Personally, I see intonation as a very important part of a learner instrument. As one works one's way through the Mel Bay or Ted Greene book of your choice (or teacher's choice), you need to be able to actually *hear* how slight changes to chords make a difference. They need to be properly intonated to be able to do that. Again, bring the guitar to a tech and get it set up and properly intonated if such adjustments are possible.

I suppose one can learn on an electric or acoustic. Neither is an impediment to learning how to play the other well. Where I would probably draw the line is that no player should be urged into using pedals too early on. Those first steps revove around understanding the nuance that chord choices and voicings provide, and effects just muddy the waters too much for that.


----------



## I_cant_play (Jun 26, 2006)

jroberts said:


> You should play whatever motivates you to keep playing.


I couldn't agree more. I think the guitar has to be of good quality in terms of setup and stuff so you don't get discouraged by a crappy instrument. However, whether you start on steelstring acoustic, classical or electric should (IMO) be based on what kind of music you want to play. If you ultimately want to play an electric go electric. 

I've heard people argue that it's best to start on acoustic or classical and then move on to electric. However, I've always heard this from people who dont actually play and know what they're talking about. They say this because classical is supposedly harder to play so the transition to electric should go more smoothly. Having actually started on classical and moved on to electric myself, I know I actually found electric more difficult. For me personally, something about the classical/flamenco guitar just makes it fit in my hand and the motions come more naturally. Also, the techniques for classical guitar, flamenco, or other fingerpicking styles are completely different from techniques used in metal or rock which is usually played with a pick. You'll never see a classical guitarist bend a string so I don't see how learning classical is going to make you a better classic rock, blues or metal player.


----------



## zontar (Oct 25, 2007)

I_cant_play said:


> You'll never see a classical guitarist bend a string so I don't see how learning classical is going to make you a better classic rock, blues or metal player.



Sure you will. You'll see vibrato, harmonics, pull offs, hammer ons, etc.

I get your overall point, but I disagree with the last part.


----------



## I_cant_play (Jun 26, 2006)

zontar said:


> Sure you will. You'll see vibrato, harmonics, pull offs, hammer ons, etc.
> 
> I get your overall point, but I disagree with the last part.

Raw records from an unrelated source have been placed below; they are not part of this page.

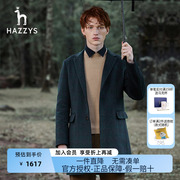 Hazzys哈吉斯奥特莱斯男士中长款毛呢大衣韩版修身羊毛外套男潮流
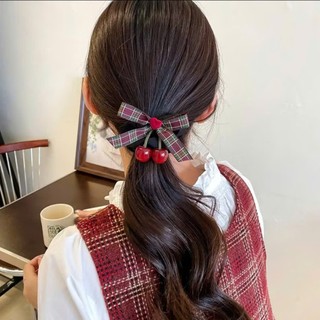 Kẹp tóc nơ cherry nhung đỏ thời trang thu đông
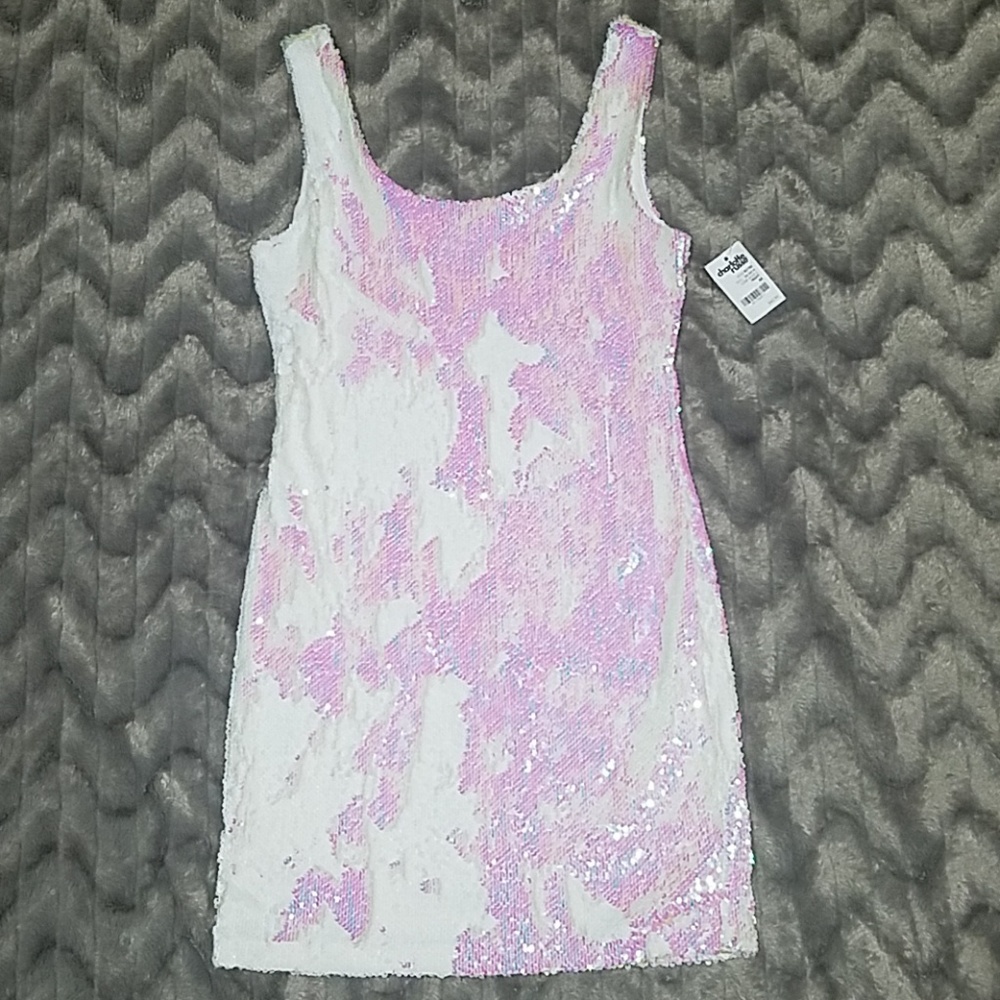 Charlotte Russe White Pink Sequin Mini Dress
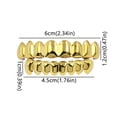 thumbnail image 3 of JUNWELL 18K Gold Plated Iced Out Hip Hop Grillz for Men, Diamond Top & Bottom Teeth Grill Set, Rapper Costume Cosplay Jewelry, 3 of 8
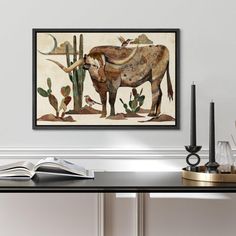 an animal painting on the wall above a table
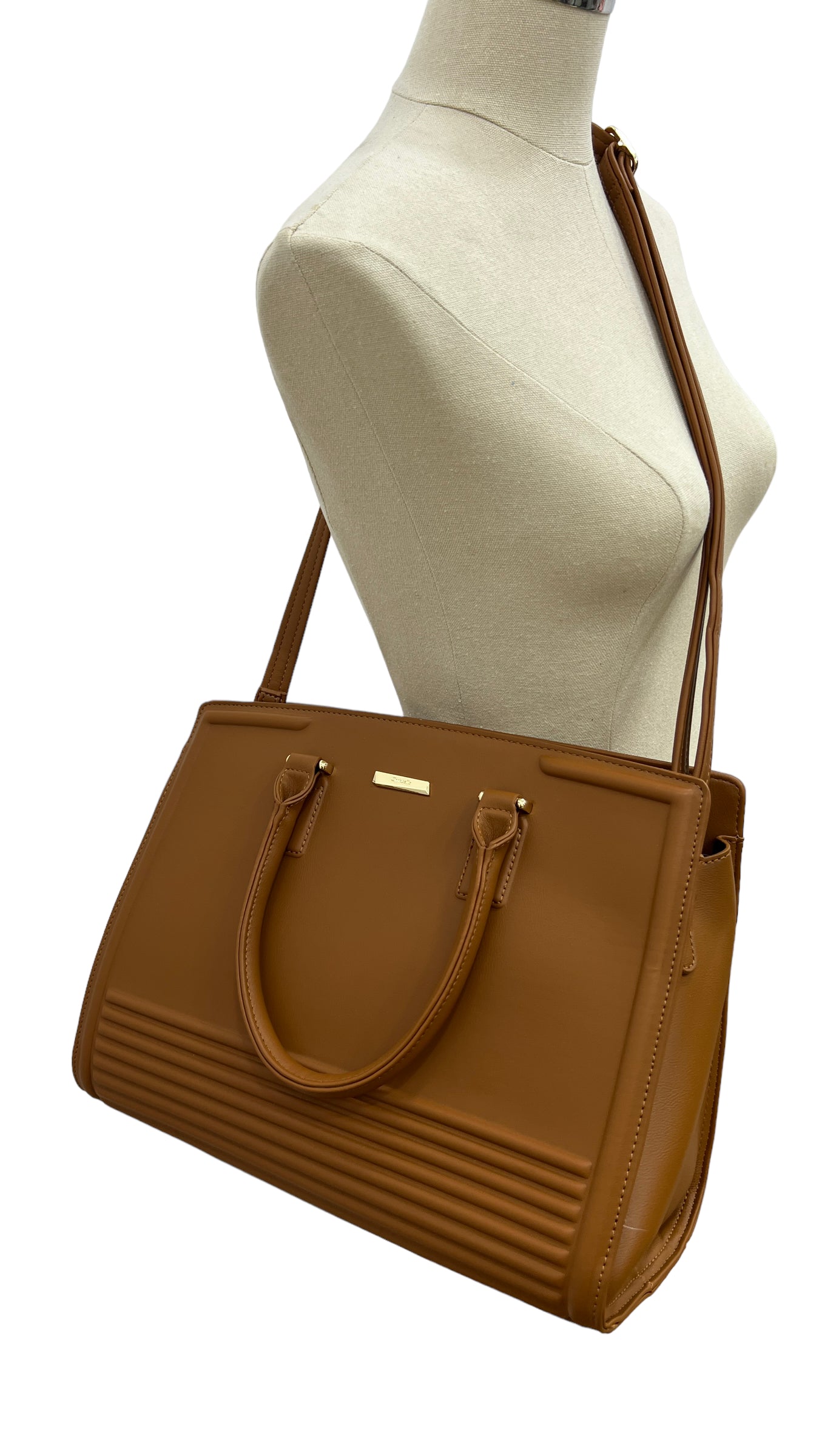 CHRISBELLA TAN LARGE DOUBLE HANDLE STRUCTURED BAG
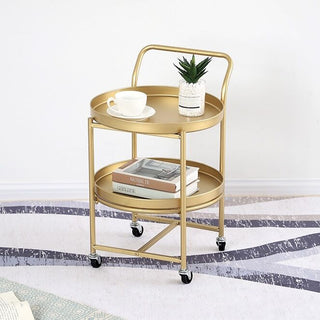 Gold Castered Tier Tray Wagon Storage Cart
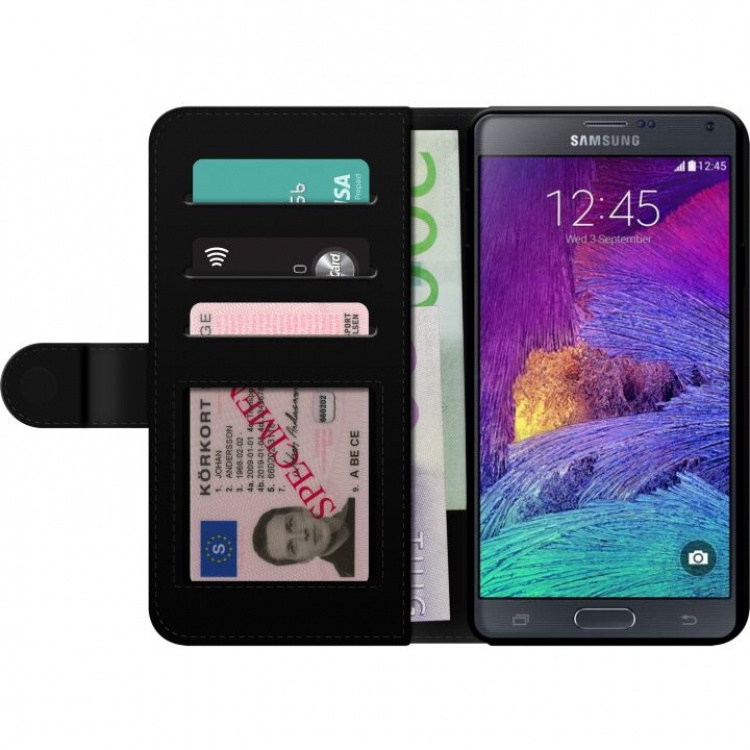 Plånboksfodral till Samsung Galaxy Note 4 med Varg motiv Plånboksfodral till Samsung Galaxy Note 4 med Varg motiv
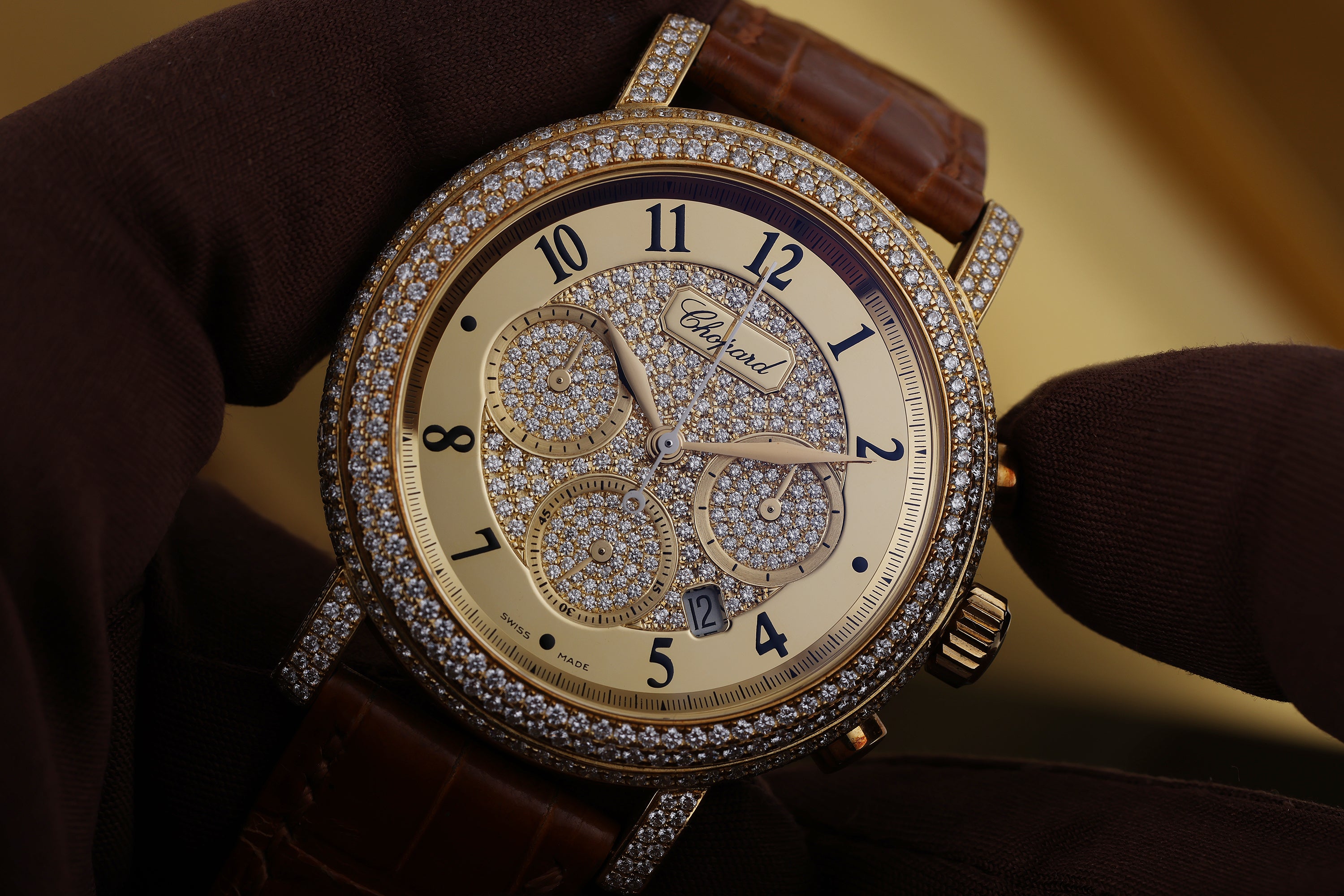 Chopard Elton John Foundation Chronograph | Limited Edition | REF. 17-1868-20 | Diamond Bezel & Dial | 39mm | 18k Yellow Gold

but bends?? I've yet to see that. I've heard Paco de Lucia do it on the odd occasion but never a classical guitarist. Then again, I don't listen to classical as much as other stuff..


----------



## Robert1950 (Jan 21, 2006)

You live in Toronto, so there are lots of music stores for you to go to. I'd try out dozens to find out what you like and fits you best.


----------



## Guest (Mar 2, 2008)

Hey there *sally_sockhop*.
Welcome aboard!:wave:

Your mom's a wise woman. For me (and others),
your first electric decision tends to be based on
what your fav bands play. For me? SG (Iommi).

*mhammer*..loved your post. 


mhammer said:


> I suppose one can learn on an electric or acoustic. Neither is an impediment to learning how to play the other well. Where I would probably draw the line is that no player should be urged into using pedals too early on. Those first steps revove around understanding the nuance that chord choices and voicings provide, and effects just muddy the waters too much for that.


is probably the best advice I would've liked to have
known in my early years.

When it is time to shop. The most common advice
is throughout the forum. 
*Go into a shop and try 'em all!*


----------



## marshallman (Feb 3, 2006)

All good advice.

My philosophy : A properly setup guitar is an absolute must, no exceptions! If the kid wants to learn Eruption, buy electric. If he wants to impress chicks at a campfire, buy acoustic. Simple, but effective.:smile:

Anyways, it'll always come down to who wants to spend the hours practicing their craft. Even a properly setup guitar and other shit will never replace a person's will to learn the instrument.:food-smiley-004:


----------



## helmet head (Mar 30, 2008)

No.............


----------